What the exercise asks: The copy you return should hold only the lines from the top of the data below through the line with "Aerial view of", each duplicated exactly and with no pictures.

Data supplied:
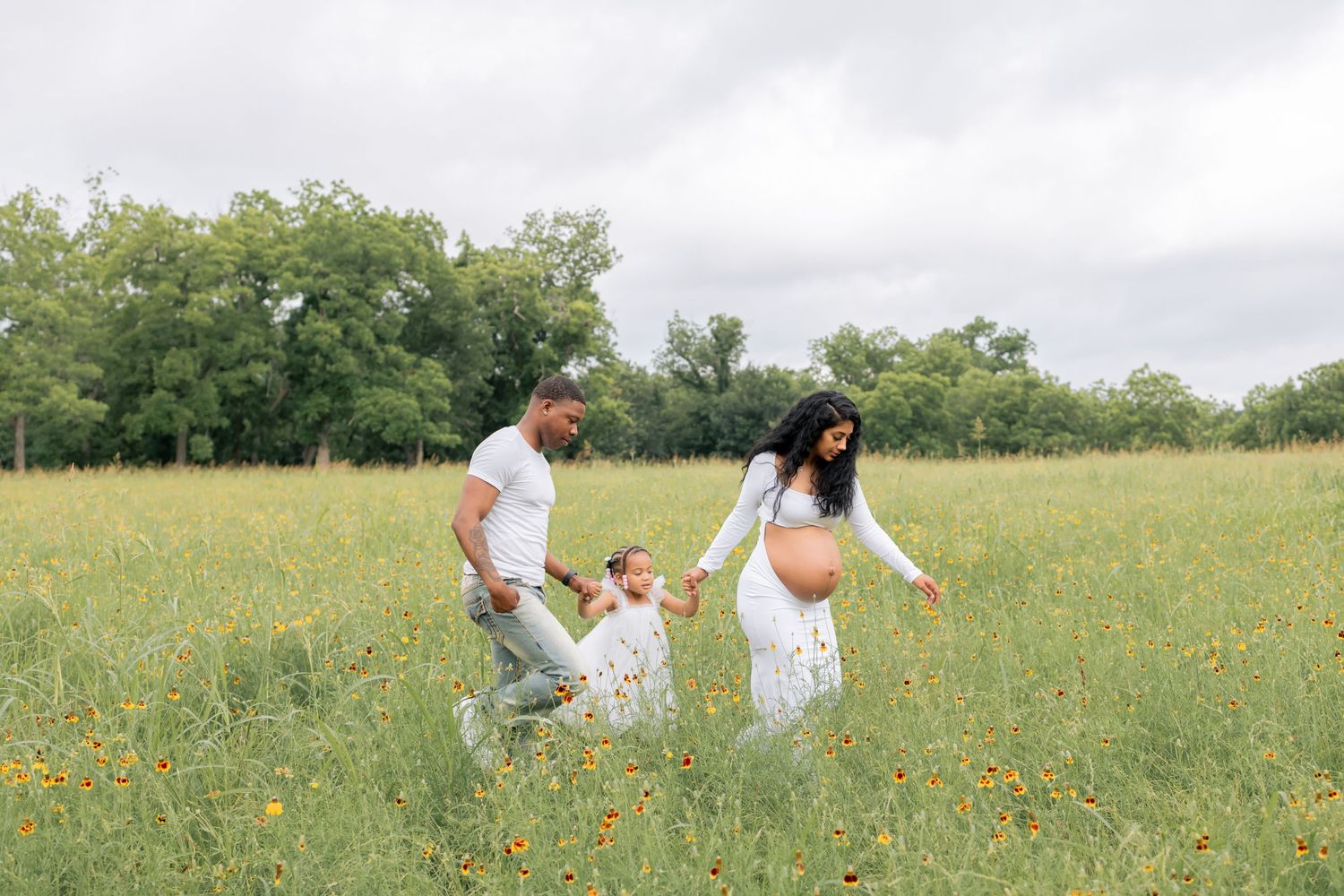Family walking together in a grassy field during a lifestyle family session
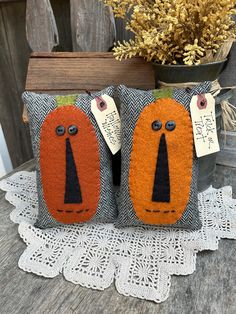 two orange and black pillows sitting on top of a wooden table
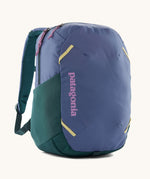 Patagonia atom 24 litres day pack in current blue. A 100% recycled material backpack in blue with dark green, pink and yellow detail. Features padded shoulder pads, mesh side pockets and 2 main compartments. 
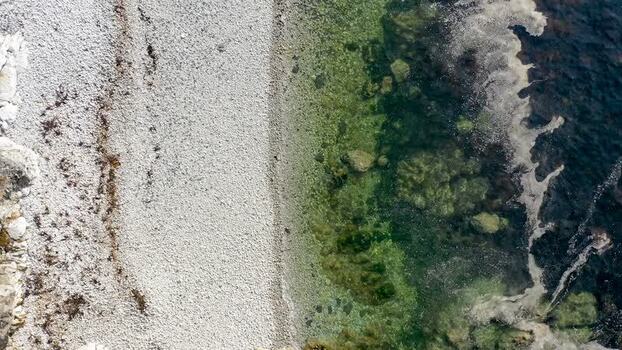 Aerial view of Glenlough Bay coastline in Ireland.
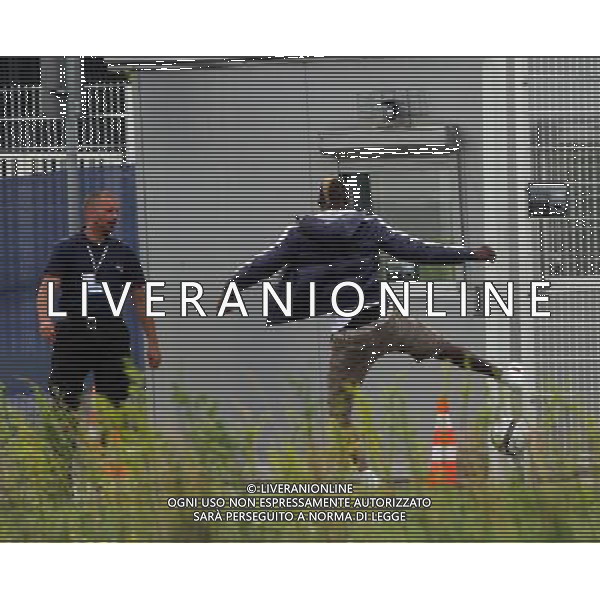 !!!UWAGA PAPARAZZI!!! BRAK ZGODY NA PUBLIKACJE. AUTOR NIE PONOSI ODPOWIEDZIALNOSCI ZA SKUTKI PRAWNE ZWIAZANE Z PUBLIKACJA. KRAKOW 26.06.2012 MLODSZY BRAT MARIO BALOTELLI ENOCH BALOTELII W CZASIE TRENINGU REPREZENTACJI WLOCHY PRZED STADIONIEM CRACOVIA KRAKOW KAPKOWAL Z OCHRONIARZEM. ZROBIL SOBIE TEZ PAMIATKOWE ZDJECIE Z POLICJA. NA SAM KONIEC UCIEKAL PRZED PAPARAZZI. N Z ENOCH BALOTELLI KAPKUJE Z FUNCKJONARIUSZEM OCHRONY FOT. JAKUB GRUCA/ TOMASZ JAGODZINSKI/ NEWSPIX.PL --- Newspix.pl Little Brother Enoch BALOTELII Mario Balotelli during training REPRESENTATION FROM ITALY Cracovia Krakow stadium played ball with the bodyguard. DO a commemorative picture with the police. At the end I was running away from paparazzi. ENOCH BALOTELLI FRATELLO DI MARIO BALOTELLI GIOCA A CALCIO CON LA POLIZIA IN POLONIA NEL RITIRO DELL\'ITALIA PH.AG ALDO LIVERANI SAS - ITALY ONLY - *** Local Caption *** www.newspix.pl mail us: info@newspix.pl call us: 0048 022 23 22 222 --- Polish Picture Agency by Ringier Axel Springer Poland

Your response:
Family walking together in a grassy field during a lifestyle family session
 two orange and black pillows sitting on top of a wooden table
 Patagonia atom 24 litres day pack in current blue. A 100% recycled material backpack in blue with dark green, pink and yellow detail. Features padded shoulder pads, mesh side pockets and 2 main compartments. 
 Aerial view of Glenlough Bay coastline in Ireland.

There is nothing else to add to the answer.